The above graph shows the evolution of valuations across the lifecycle stage of your venture. The younger your venture is, the more you are leaning on your story and ability to convince others of your vision. The further developed your company is and the closer you get to being listed, the more your valuation will be based on comparable companies, and in the case of an IPO ultimately ending in supply/demand-based pricing.
Following we will go through examples of finding your valuation and the effect the current market has on a company in your stage.
EDIT: As was correctly commented on LinkedIn, the amount of funding required calculated for the growth plan should always be latched to goals that, once met, empower the follow-on round. This is called the equity story and will be covered in Part 4/4. In short, depending on your stage these can be different goals such as proving product-market fit (reduced sales cycles / higher price elasticity), product scaleability (reduced onboarding time) or building a growth engine (efficient CACs / AE Sales Quotas < 5).

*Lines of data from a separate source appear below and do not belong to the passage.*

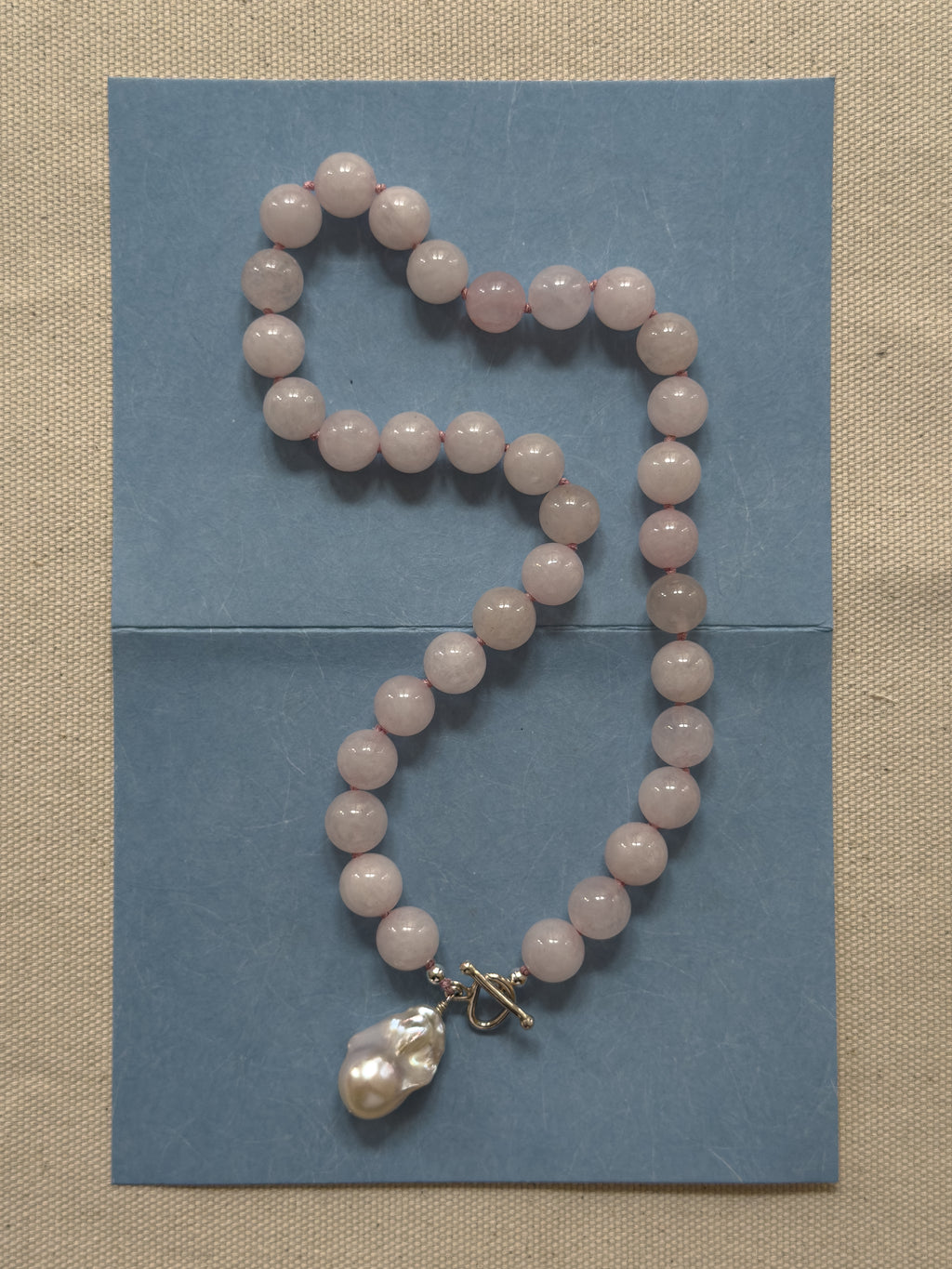 Rosie Necklace – Rose Quartz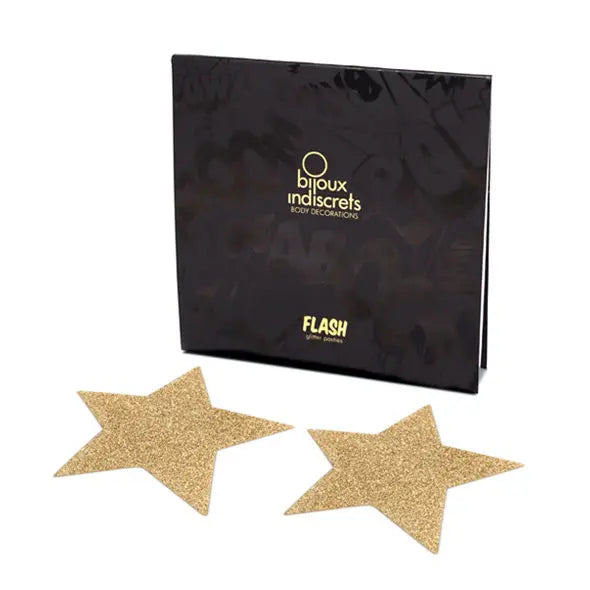 BIJOUX - INDISCRETS PEZONERAS FLASH ESTRELLA DORADA BIJOUX FLASH COLLECTION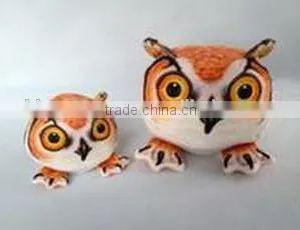 Promotional Gift Plush Toy Owl With Beans 3 D Printing Plush Owl Earthbag Small Size Stuffed Plush Earthbag With Beans thumbnail-1
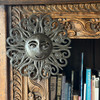 garden wall art metal
boho sun decor
celestial wall art
outdoor metal decor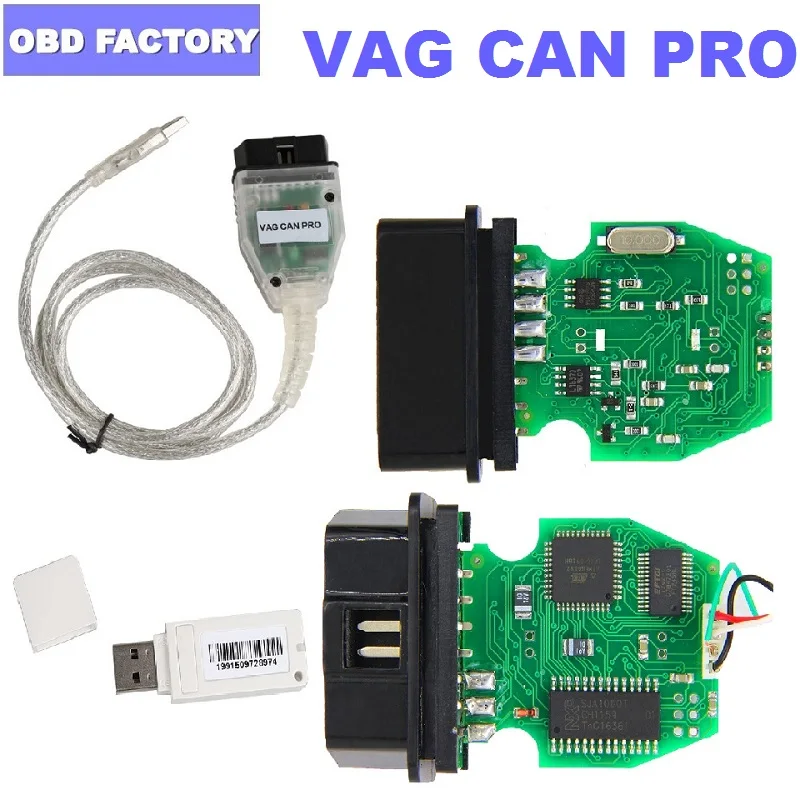 VAG CAN PRO V5.5.1 с чипом FTDI FT245RL VCP OBD2 Диагностический интерфейс USB кабель поддержкой Can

For early-stage ventures (Pre-Seed to Series A) this is a fairly simple equation
- Consider how much cash you will need for an ambitious but realistic growth plan for the next 24 months, e.g. €2m
- Consider if your past performance (company-wise or experience-wise) warrants such a sum, and adjust upwards / downwards
- Validate these numbers with what’s currently happening in the market, e.g. are companies with similar growth, tech & team able to close similar rounds
- The dilution will derive from supply/demand (but shouldn’t drastically move outside a 10–25% parameter), e.g. the more investors are interested in funding the smaller the dilution will be / the higher the amount invested vs your original ask
- Consider your offer wisely, the best deal on paper is not necessarily the best deal for you or your company — ask yourself, do I want to be working with the person on the other side of the table for the next 10 years
In the chart below you can see that early-stage companies' valuations have barely dropped since their record highs in early 2022. As stated above, the reason for this is that the valuations are still calculated top-down, based on cash need rather than multiples as you can see in the chart below.
For the growth stage (Series B+), it is a bit more complicated
- The further you are, the more traction/numbers you (should) have and the more your valuation will be based on these numbers.

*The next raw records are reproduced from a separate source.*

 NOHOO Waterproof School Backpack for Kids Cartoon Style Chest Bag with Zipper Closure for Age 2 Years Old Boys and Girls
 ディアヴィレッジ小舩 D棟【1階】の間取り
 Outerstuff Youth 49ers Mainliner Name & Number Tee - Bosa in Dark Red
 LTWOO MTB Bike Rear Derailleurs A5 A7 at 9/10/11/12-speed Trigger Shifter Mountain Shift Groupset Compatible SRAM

- Depending on the state of the market the view shifts, e.g. from simple MoM ARR growth towards the Rule of 40 and similar holistic metrics
- Market-comparable multiples gain increasing relevance, you can screen the multiples of similar companies that currently trade publicly.
- For Software, revenues on ARR usually are most relevant, but less technologized industries will deviate to EBITDA multiples. If you are not yet EBITA positive you can get creative, e.g. compare the gross revenue multiple.
- The closer you are to IPO, the closer your numbers should tie up to the reality of public markets where there are a lot of examples.
In the chart below you can see the strong variance in EV (Enterprise Value) / Revenue multiples in the 2020–2022 years.
Of course, you will frequently see deviations from market norms but you never know what the underlying terms of the deal are, for example, a high valuation might look good on paper, but a high liquidation preference (in case of an exit, the last investor receives a multiple on their last investment before any of the proceedings are distributed) from the latest investor might already forfeit a large chunk of the exit value.
Always consider this, the earlier the investment, the higher the return needs to be (see also power law). This means for a pre-seed investment an investor would look for a potential 50x return and a later-stage investor would look for a 10x return — to offset the underperforming assets and achieve an overall return of +/- 3x.